The next step in the sequence is the projection of the holographic image,
also for a predetermined period of time. The entire cycle is completed in
less than ten seconds. Because the positioning of the external lamps is
generally concentric about the longitudinal axis of the invention, their
lighting sequence is intended to suggest the convergence of energy on
color filter 24 immediately prior to the projection of the holographic
image. This overall visual effect contributes to the illusion that an
exotic weapon is being operated.
A device which is otherwise identical to the preferred embodiment or an
alternative embodiment of the invention but is characterized by a
different operating sequence or by the operating sequence of the preferred
embodiment where the duration of the operating cycle is ten or more
seconds is also an alternative embodiment of the invention.
The preferred embodiment employs direct current electrical components.
Wiring is run through prepared channels.
An alternative embodiment of the invention uses wall current. The power
supply system employs a transformer and an AC-to-DC converter or
rectifier.
The invention is activated when control unit 142 is switched to the on
position. That action completes the first of three principal electrical
circuits in the invention. The first principal electrical circuit provides
electric power to large electrified panel 160 and the other three large
electrified panels, it also provides electric power to acoustic devices A.

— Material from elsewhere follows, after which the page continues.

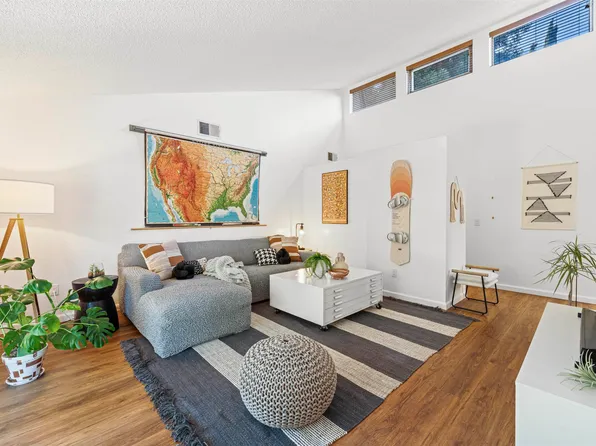 1001 Damon Ct, Santa Rosa, CA 95401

After a predetermined period of time control unit 142 breaks the first
principal circuit and completes the second principal electrical circuit.
That circuit provides electric power to small electrical panel 166 and the
other three small electrified panels, it also provides electric power to
acoustic devices A. After a predetermined period of time control unit 142
breaks the second principal circuit and completes the third principal
electric circuit. The third principal circuit provides electric power to
lamp L, it also provides electric power to acoustic devices A. After a
predetermined period of time control unit 142 breaks the third principal
circuit and he device becomes inactive.
An alternative embodiment of the invention links different acoustic devices
with each principal circuit. In that way each step in the operational
sequence is accompanied by different sound effects.

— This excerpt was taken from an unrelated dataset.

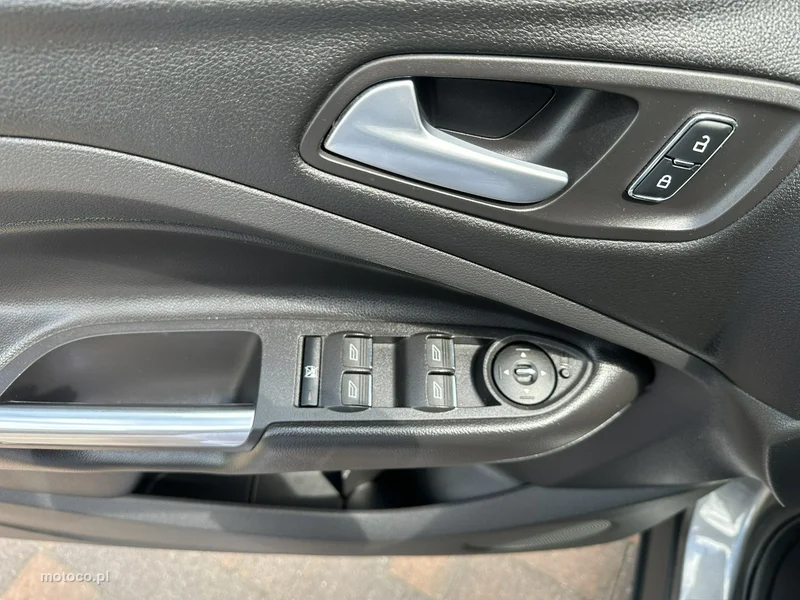 Ford Kuga II 19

It can be seen that the invention, through the use of holographic images,
is able to achieve what no simulated weapon heretofore has been able to:
project rays or beams which extend into and occupy space in front of the
invention itself. The invention exploits the optical properties of
holograms to do this. In projecting a pattern of visible rays or beams,
the invention does what no real weapon can do. Real laser beams are
invisible unless they pass through smoke or fog. Only in the media do ray
guns emit rays emit rays which can be seen. But, due to the impact such
portrayals have had on the popular imagination, it is widely assumed that
such weapons could exist. Accordingly, there is a market for any toy which
appears to project real rays or beams as does the invention. The invention
enhances this effect through the impression of converging energy created
by the electrified panels operating in sequence. Sound effects unhindered
by mechanical noises complete the illusion that an exotic weapon is being
operated.
While the above description contains many specificities these should not be
construed as limitations on the scope of the invention, but rather as an
exemplification of the preferred embodiment. Many other variations are
possible. An exhaustive listing of alternative embodiments is impossible.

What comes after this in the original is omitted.